# Brief
Could you set down the listing below exactly and omit its images?

┌─ Recorded information

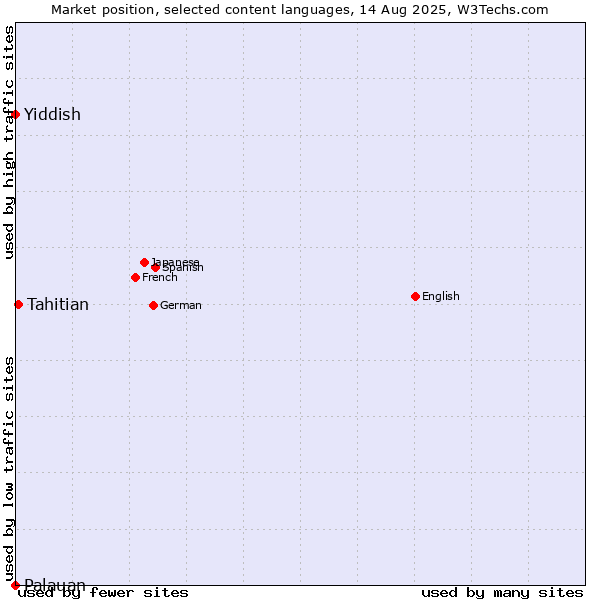 Market position of Tahitian vs. Yiddish vs. Palauan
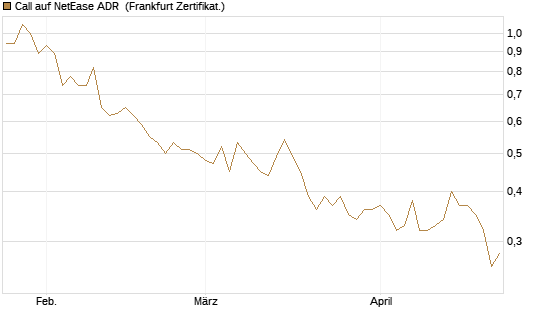 Call auf NetEase ADR [Vontobel] Chart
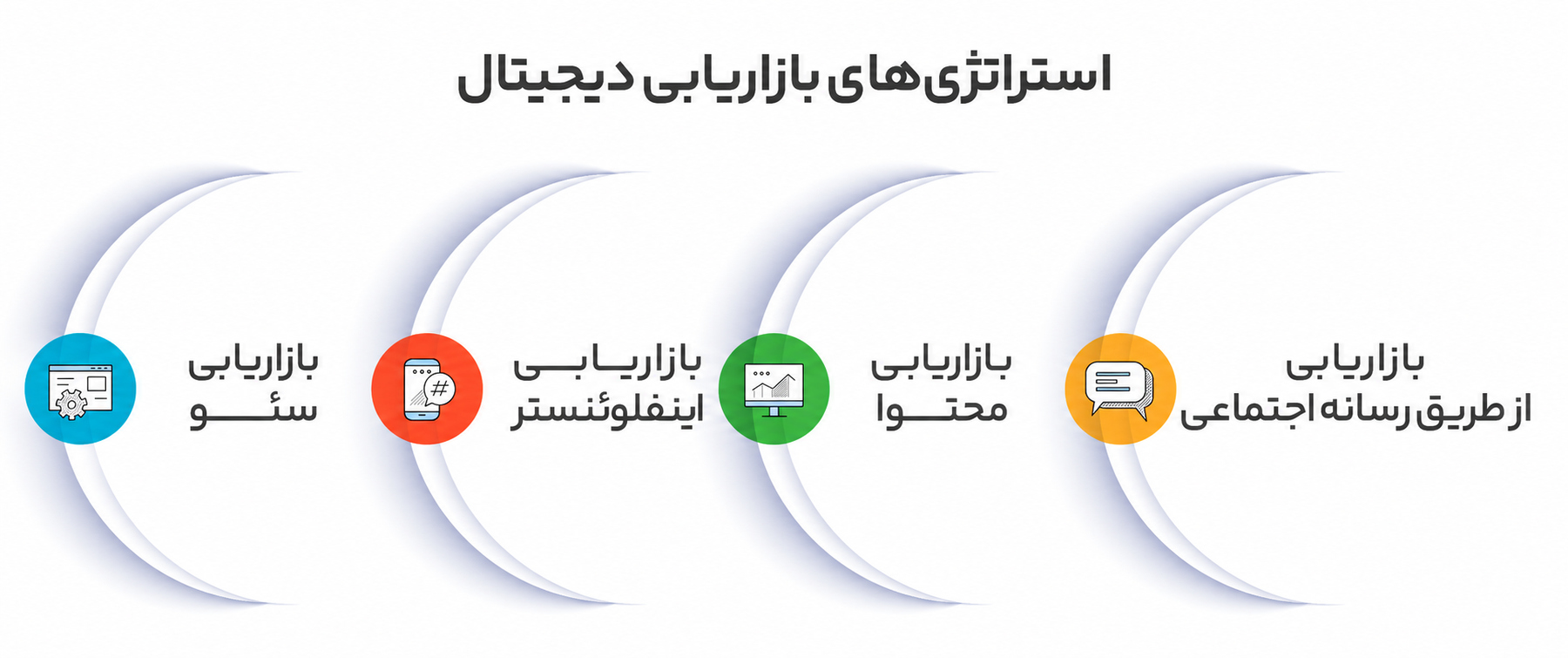 انواع استراتژیهای بازاریابی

└─

# Exercise solution
 Market position of Tahitian vs. Yiddish vs. Palauan
 Call auf NetEase ADR [Vontobel] Chart
 انواع استراتژیهای بازاریابی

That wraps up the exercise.